NREI: What is ARC's research focus and how does it differ from efforts in the past?

Ellis: Real estate has strategic value, but not all corporations realize it right now. Our research focus will revolve around long-term trends such as outsourcing, cost reduction and consolidation, and how corporate real estate executives need to position their portfolios and careers to anticipate those trends.

NREI: How will your research activities be of practical value?
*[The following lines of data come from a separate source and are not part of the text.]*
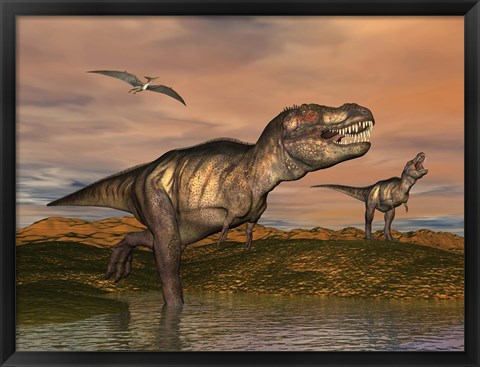 Framed Tyrannosaurus Rex dinosaurs with pteranodon bird flying above Print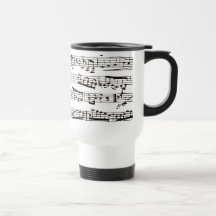 Svartvit musik noter kaffe mugg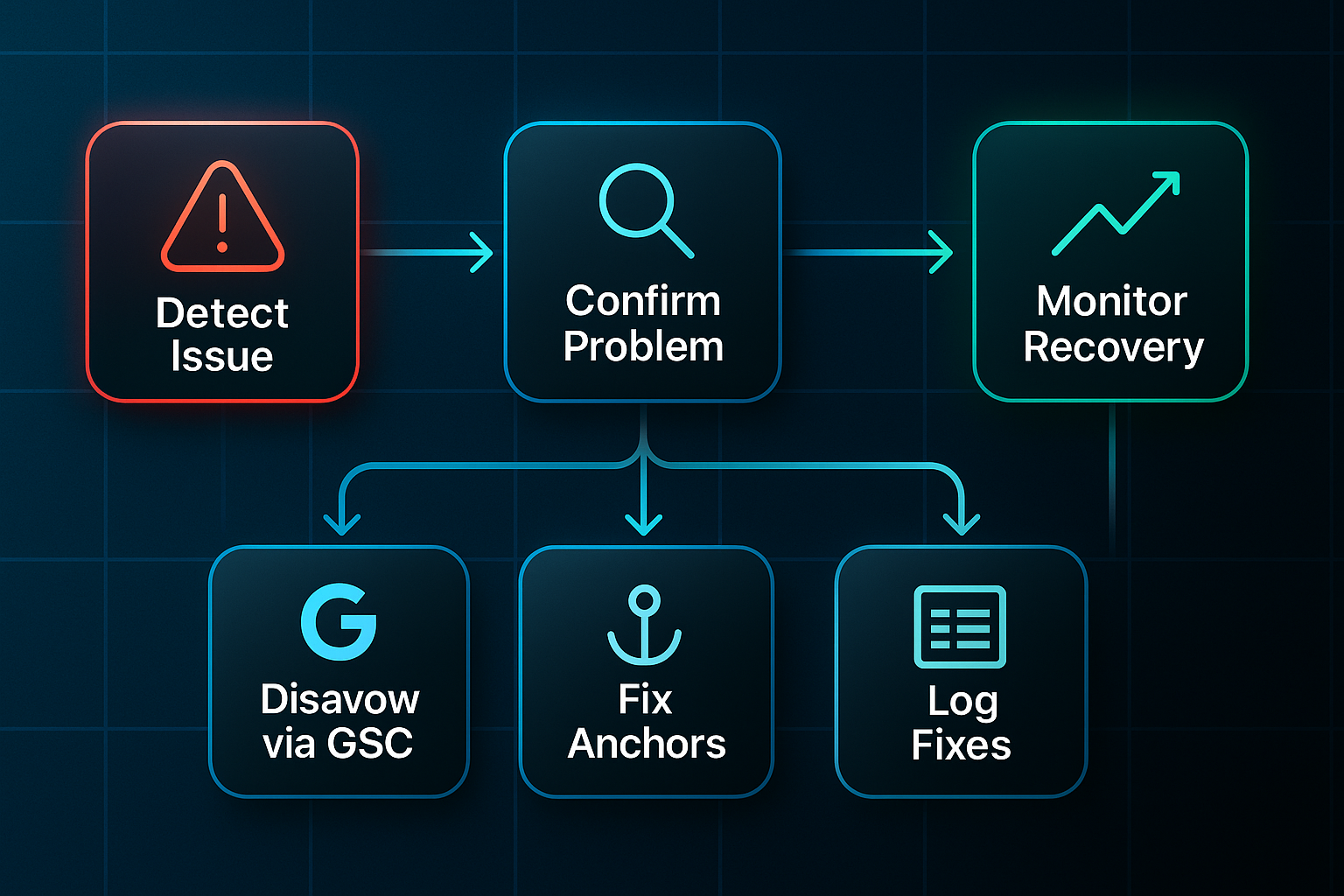Infographic showing a five-step flowchart for issue detection, confirmation, actions, and monitoring recovery.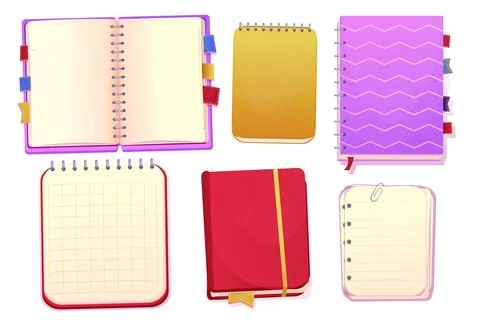 Set diary, note book in cartoon style top view, open, closed isolated on white Stock Illustration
Ellis: Traditional benchmarking looks at relatively simple metrics such as cost per square foot per employee or revenue per square foot, say, in a manufacturing space. Rather than looking at cost or revenue per square foot, we'll look at more complex metrics surrounding trends such as outsourcing. The strategic driving factor behind outsourcing is reducing cost and, one would hope, increasing a focus on core competencies. A set of metrics could be developed that would show the impact of that shift on share price, or earnings or cost of goods sold. Companies could then use that to measure themselves against other participants in a similar industry.

NREI: What kind of research tools will you use?
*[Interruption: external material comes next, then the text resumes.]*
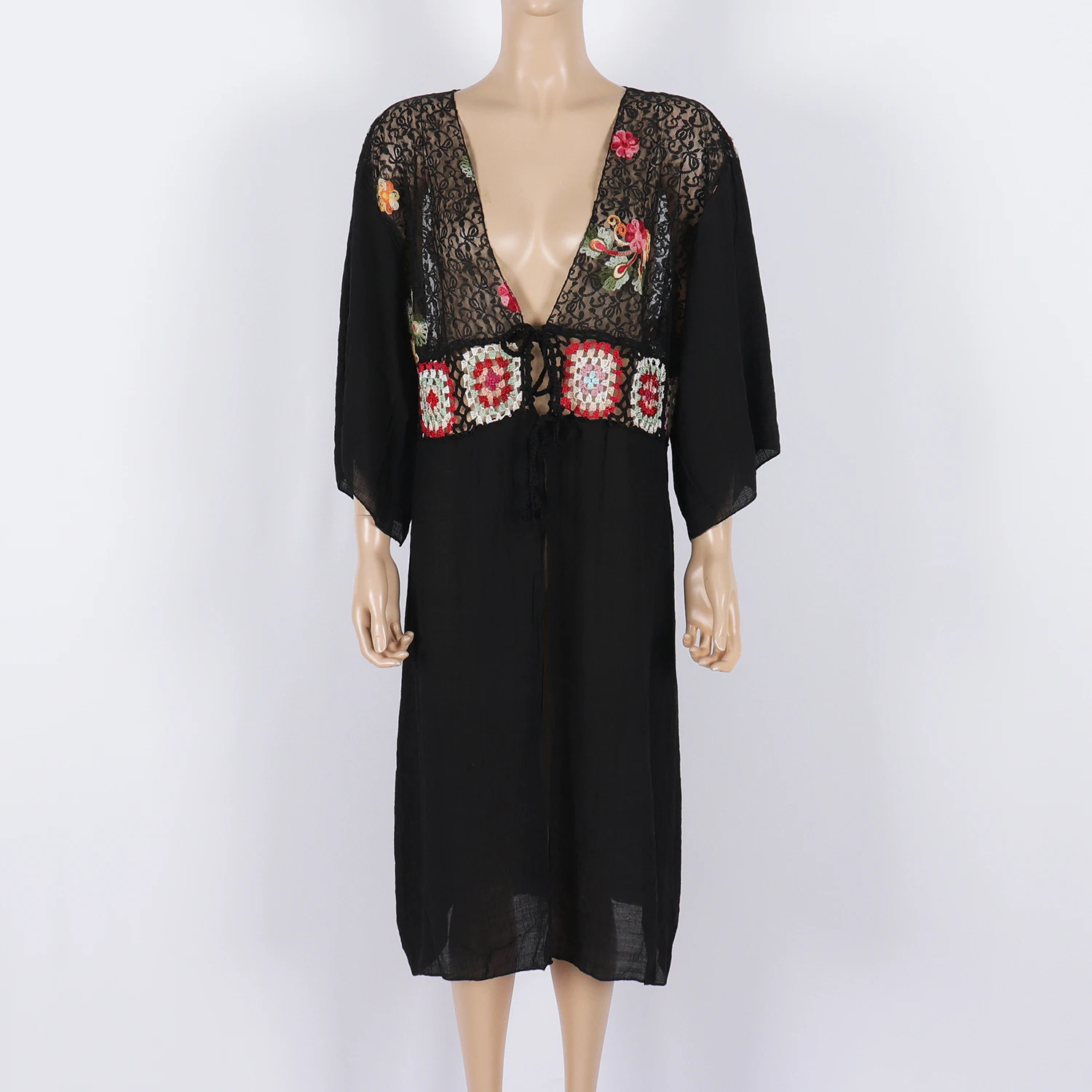 Frauen Blumen Stickerei Kimono Strand Cover Ups Langes Kleid Spitze Häkeln Patchwork Strickjacke Spitze-up Beachwear Sommerkleid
Ellis: We'll be looking at case studies and surveys. But there are other methodologies that we may use that are more rigorous. Take something as simple as interviewing. We might do a broad cross section of interviews across industry sectors, which would be recorded, transcribed, analyzed, and run through software where codes are assigned to certain terms.

NREI: Who are your research partners?

Ellis: We're going after two distinct sets of research partners. One is the corporate end-user; the other is the service providers. These two groups will tackle research issues together under our guidance. These research partners will not only provide funding, but also provide expertise from within their organizations.